Any device that does not allow the foot to move into full loading during the propulsive and toe-off phase of gait, whereby preventing forefoot loading should be should be used for this ulcer site. A half shoe may be useful, but a leg- or boot-type cast is the most effective method for offloading (Bus et al, 2015). A customised sandal with a foam-filled sink in the sole unit located over the ulcer site may also be useful.
Here the predominant reason for foot ulceration is shoe rub. To protect ulcerated toes in footwear, the uppers should not touch the toes; however the shoe fastenings must be sufficient to prevent the foot from moving. Arguably the most effective method is to cut a hole in the part of the shoe overlying the ulcer site or to remove the whole toe section of the shoe. Patient permission must be obtained before doing this. Uncontrolled pressure relief in this area frequently leads to osteomyelitis and resultant amputations.
Amount of exudate
During the acute stages of ulceration or in the presence of oedema and infection, there is frequently a large volume of exudate produced daily. This can leak into the cast and become malodorous or a source of infection. In these situations, therefore, cast changes must be frequent. Anecdotally, we have observed that when offloading is effective, the levels of exudate reduce quite quickly.
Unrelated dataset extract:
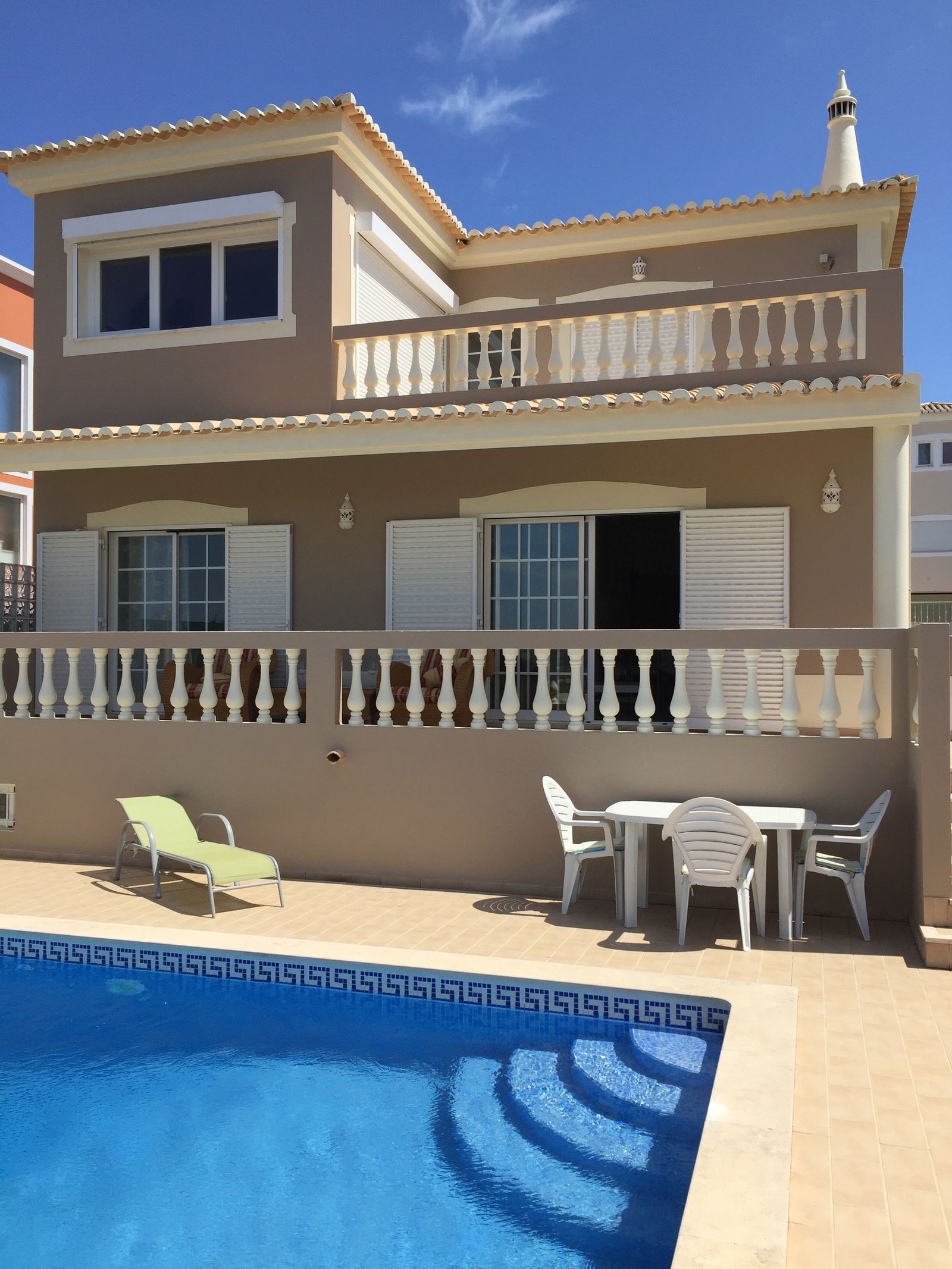 Famiglia Lagos 226342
Spinal and balance problems
Great care must be taken to consider the effects different offloading devices may have on other conditions such as the load applied to a scoliosis or osteoarthritis in the knee, hip or spine. Consideration must also be given to an individual who has poor balance, has had a cerebrovascular accident, or is blind, etc.
Fixed or removable cast?
Whether a patient should be given a removable or non-removable cast should be carefully considered. Non-removable casts are ideal — if a cast can be removed, it probably will be, and will only be worn when attending clinic appointments.
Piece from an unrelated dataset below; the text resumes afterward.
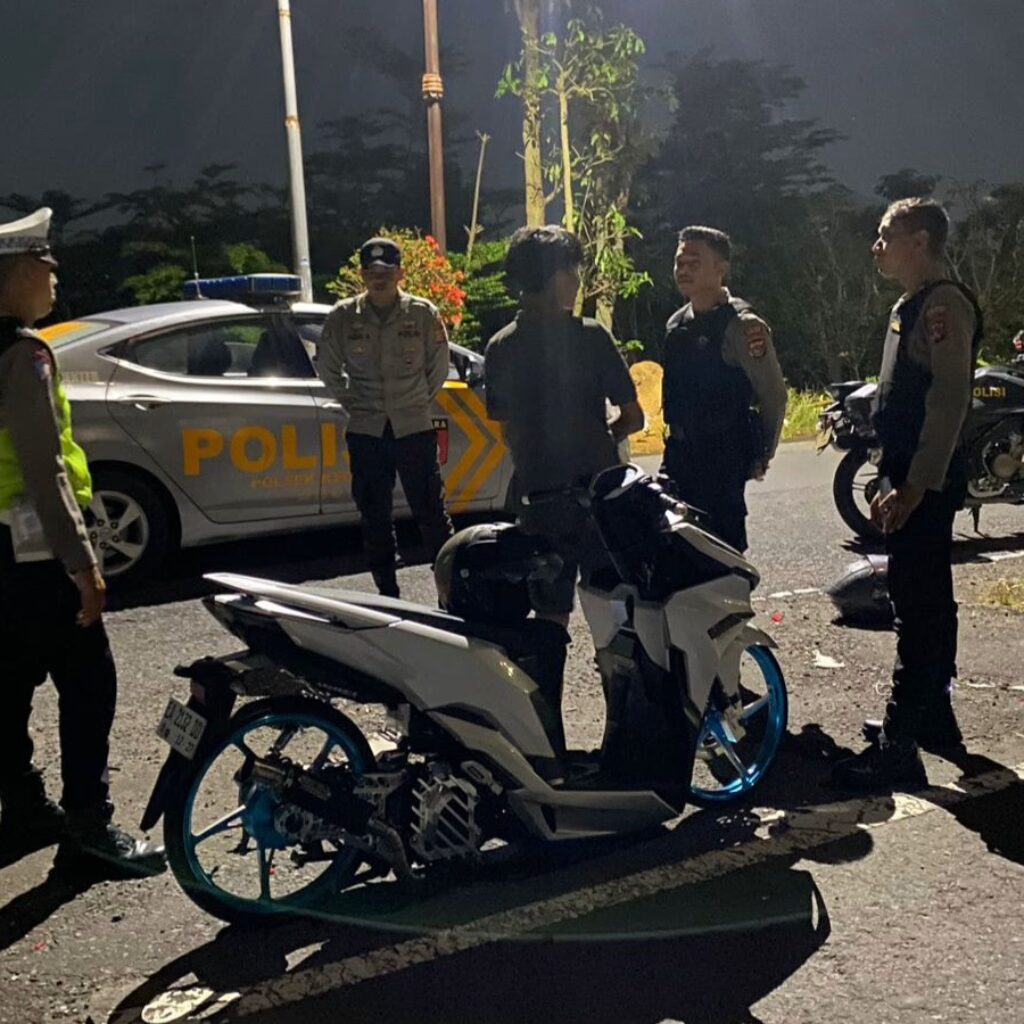 Waspada Kriminalitas Subuh, Patroli Blue Light Sisir Titik Rawan di Kediri Lombok Barat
Some individuals suffer from what we term ‘cast phobia’. This is like claustrophobia, where a patient feels they must be free of the cast. It induces similar symptoms to a panic attack. In these uncommon cases, a removable device or crutches are the only viable options.
The acquisition of knowledge is easy now, as the internet and YouTube video clips show people how to do just about anything. The application of acquired knowledge is a different matter altogether, however, and generally requires some degree of training and then mentorship with a governance system in place. Adopting a reflective practice attitude and discussing practice with experienced clinicians is a good model to help clinicians develop skills.
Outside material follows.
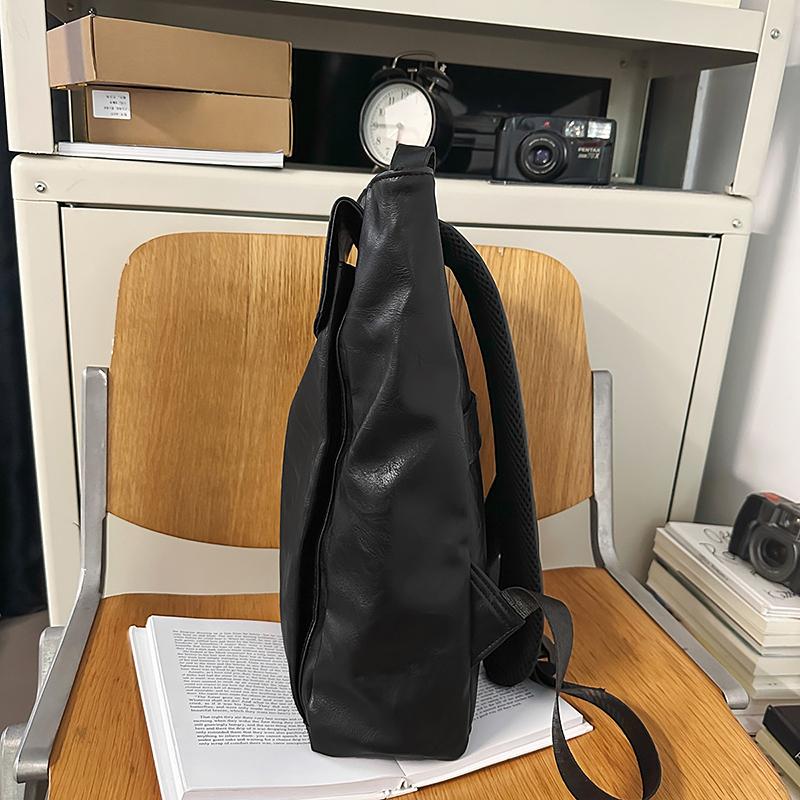 Retro Large Capacity Men's Backpack Soft Leather Student Backpack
Despite all the aforementioned factors, one of the most effective and perhaps most frequently overlooked factors in offloading is education. Facilitating patients to clearly understand the impact of standing on an open wound and helping them to discover ways that they can offload their ulcer is far more efficacious than simply saying: ‘Keep off your feet.’
Offloading techniques and devices can be effective in the management of diabetic foot ulceration and the prevention of lower-extremity amputations. The secret to success is in determining the types of injurious forces and relating these to the application of offloading modalities and reassessing their effects at each patient visit.